The countries joining this wave of reducing screens during school days aren’t a fringe. They include the United Kingdom, France, Italy, Australia, Norway, China, Israel, and a growing list of nations across Africa and Latin America. South Korea passed legislation that took effect in March 2026, prohibiting mobile phone use during school hours entirely. Here at home, Missouri, Utah, LA Unified, and districts across Oregon are among those taking steps to restrict screens in classrooms — in some cases rolling back years of aggressive edtech adoption.
And as of this week, OPB reported that the Bend-La Pine school board in Oregon passed a resolution directing their district to fundamentally reframe its relationship to technology in the classroom — citing 2026 Brookings Institution research finding that the risks of AI in education currently outweigh the benefits.
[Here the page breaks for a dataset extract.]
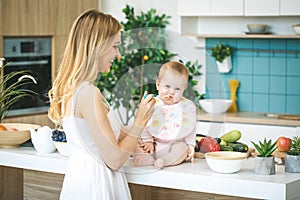 Mother Feeding Her Baby Girl with a Spoon. Mother Giving Food to her Child at Home. Baby food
I can tell you quite clearly that the students in my classes who had reduced screen times in K - 12 do much better in college than those who are now addicted to screens.
I am always alerted to patterns in my work, and that’s a pattern.
How We Got Here
For two decades, the dominant story in education technology was more. More devices. More platforms. More connectivity. Tablets replaced textbooks. Laptops replaced notebooks. Smartboards replaced chalkboards. Silicon Valley sold schools on the promise that screens were the future, and schools bought in — sometimes literally, at enormous cost.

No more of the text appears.